**Prompt:** Here is the task for the records below: repeat exactly the lines from the one with "France, Senlis" to the one with "2020 Chevrolet Express 2500", both included, and nothing else.

**Records provided:**
-*-

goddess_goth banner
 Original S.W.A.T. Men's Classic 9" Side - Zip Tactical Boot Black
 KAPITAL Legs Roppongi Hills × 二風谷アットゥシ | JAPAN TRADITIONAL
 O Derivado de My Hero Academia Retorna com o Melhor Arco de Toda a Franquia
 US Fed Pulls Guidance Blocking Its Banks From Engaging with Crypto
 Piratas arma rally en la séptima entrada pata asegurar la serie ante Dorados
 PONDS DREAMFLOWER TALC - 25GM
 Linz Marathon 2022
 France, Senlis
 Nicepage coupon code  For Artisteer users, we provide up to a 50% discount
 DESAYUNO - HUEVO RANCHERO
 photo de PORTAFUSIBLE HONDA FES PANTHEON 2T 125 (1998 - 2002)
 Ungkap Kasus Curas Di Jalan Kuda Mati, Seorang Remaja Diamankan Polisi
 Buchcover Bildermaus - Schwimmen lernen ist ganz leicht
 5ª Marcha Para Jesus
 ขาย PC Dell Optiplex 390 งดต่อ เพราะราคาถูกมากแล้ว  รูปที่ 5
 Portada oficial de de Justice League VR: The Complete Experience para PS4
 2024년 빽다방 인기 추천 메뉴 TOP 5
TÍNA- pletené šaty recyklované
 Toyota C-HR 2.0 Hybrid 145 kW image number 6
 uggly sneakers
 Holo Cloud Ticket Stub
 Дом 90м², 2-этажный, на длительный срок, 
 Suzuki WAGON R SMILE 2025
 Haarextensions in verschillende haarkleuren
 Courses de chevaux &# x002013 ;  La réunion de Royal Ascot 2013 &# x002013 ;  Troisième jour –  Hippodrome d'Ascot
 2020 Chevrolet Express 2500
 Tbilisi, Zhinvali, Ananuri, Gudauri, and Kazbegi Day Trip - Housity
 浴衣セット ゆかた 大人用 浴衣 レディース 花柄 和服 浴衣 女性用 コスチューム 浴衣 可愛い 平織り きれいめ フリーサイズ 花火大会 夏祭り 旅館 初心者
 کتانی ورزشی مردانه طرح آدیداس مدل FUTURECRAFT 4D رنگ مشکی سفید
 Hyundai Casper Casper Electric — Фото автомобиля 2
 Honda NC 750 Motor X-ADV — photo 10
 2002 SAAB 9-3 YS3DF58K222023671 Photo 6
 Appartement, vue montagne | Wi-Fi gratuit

-*-

**Task solution:**
 France, Senlis
 Nicepage coupon code  For Artisteer users, we provide up to a 50% discount
 DESAYUNO - HUEVO RANCHERO
 photo de PORTAFUSIBLE HONDA FES PANTHEON 2T 125 (1998 - 2002)
 Ungkap Kasus Curas Di Jalan Kuda Mati, Seorang Remaja Diamankan Polisi
 Buchcover Bildermaus - Schwimmen lernen ist ganz leicht
 5ª Marcha Para Jesus
 ขาย PC Dell Optiplex 390 งดต่อ เพราะราคาถูกมากแล้ว  รูปที่ 5
 Portada oficial de de Justice League VR: The Complete Experience para PS4
 2024년 빽다방 인기 추천 메뉴 TOP 5
TÍNA- pletené šaty recyklované
 Toyota C-HR 2.0 Hybrid 145 kW image number 6
 uggly sneakers
 Holo Cloud Ticket Stub
 Дом 90м², 2-этажный, на длительный срок, 
 Suzuki WAGON R SMILE 2025
 Haarextensions in verschillende haarkleuren
 Courses de chevaux &# x002013 ;  La réunion de Royal Ascot 2013 &# x002013 ;  Troisième jour –  Hippodrome d'Ascot
 2020 Chevrolet Express 2500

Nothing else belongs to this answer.